Kiedy ponad 10 lat temu Paula Findlay poleciała na igrzyska do Londynu, jej celem była walka o najwyższe pozycje. Niestety kontuzja i problemy na trasie sprawiły, że linię mety przekroczyła na ostatnim miejscu. Później zdecydowała się startować na dłuższych dystansach. Dzisiaj mówi jednak, że prawdopodobnie w ogóle nie byłoby jej w triathlonie, gdyby nie jej partner Eric Lagerstrom. To właśnie z nim tworzy „That Triathlon Life”.

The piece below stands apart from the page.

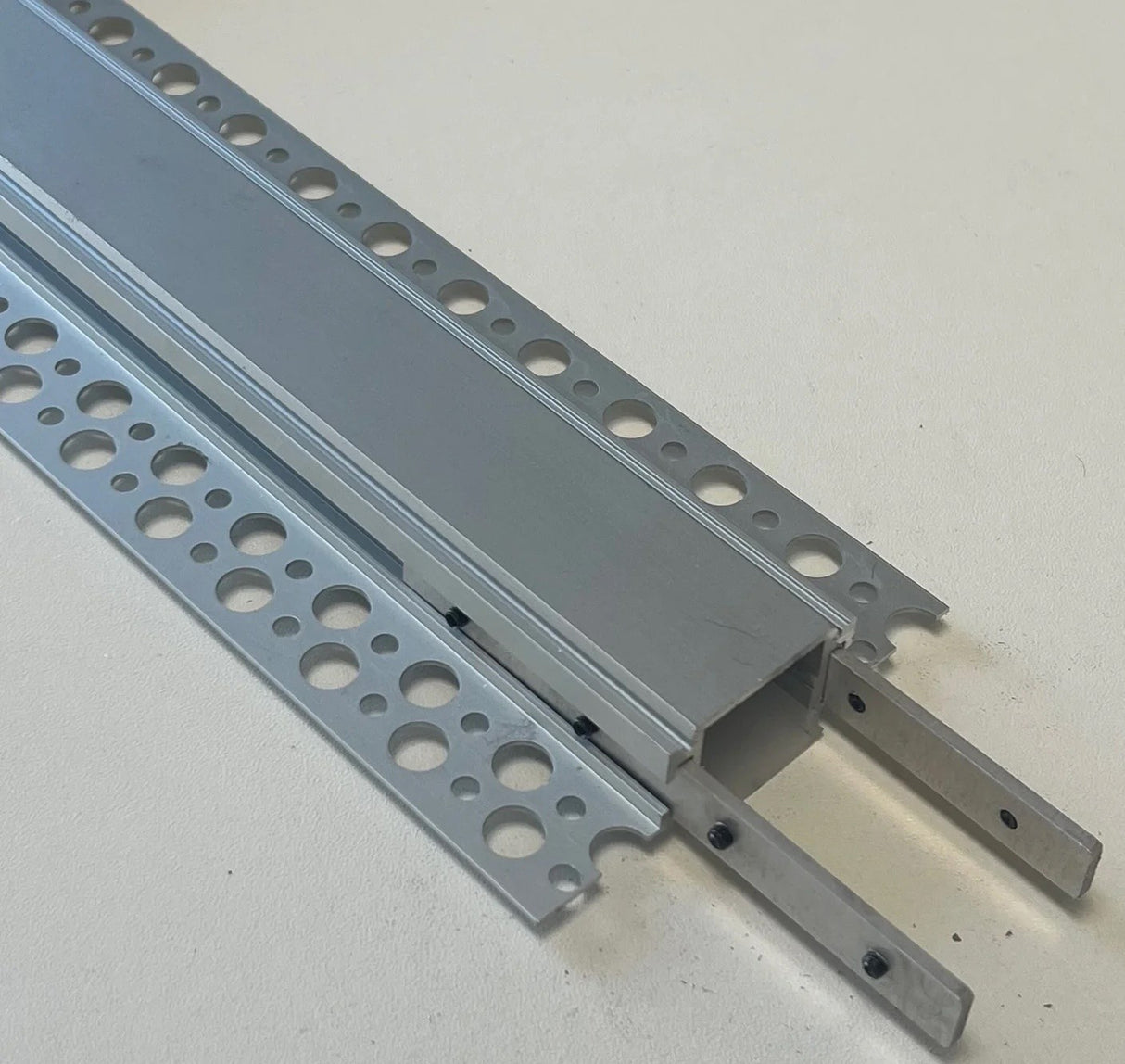 A close-up of a Flat Coupler Bracket for TL-041 Profile, featuring silver perforated flanges, a hollow rectangular channel, and two thin metal tabs extending from one end, resting on a light surface.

Z Amerykaninem poznali się w czasie zawodów Beijing International Triathlon w Pekinie. Był 2017 rok. Findlay wygrała tam rywalizacji, a Lagerstrom zajął 3. miejsce. Kanadyjka wspomina, że na początku nie zaiskrzyło pomiędzy nimi. Dopiero jakiś czas później zostali parą.

Początkowo nic między nami nie było. Później zorientowaliśmy się, że trochę rzeczy nas łączy, a więc zdecydowaliśmy, że damy temu szansę – wspomina.

Od nieśmiałych początków do biznesu i społeczności

Eric Lagerstrom zaczął wrzucać filmy na YouTube ponad 10 lat temu. Początkowo były to raczej krótkie vlogi, które z czasem zaczęły się przeradzać w coraz lepiej montowane i profesjonalne materiały.

„That Triathlon Life” pojawiło się w tytule jednak dopiero w okolicach 2020 roku. Można powiedzieć, że od tego momentu kanał YouTube stał się oficjalnie kanałem pary Eric Lagerstrom i Paula Findlay. Widzowie mogli oglądać, jak trenuje dwójka zawodników, z jakiego sprzętu korzysta, gdzie występuje i jak wygląda ich sportowe życie.

Ten 2020 rok był takim promykiem nadziei. Nie mogłam występować w zawodach, a więc bez stresu mogłam trenować cały rok. Najtrudniej było nie widzieć się z rodziną przez cały rok. Eric i ja spędziliśmy większość czasu w USA przez restrykcje i kwarantanny – wspomina Kanadyjka.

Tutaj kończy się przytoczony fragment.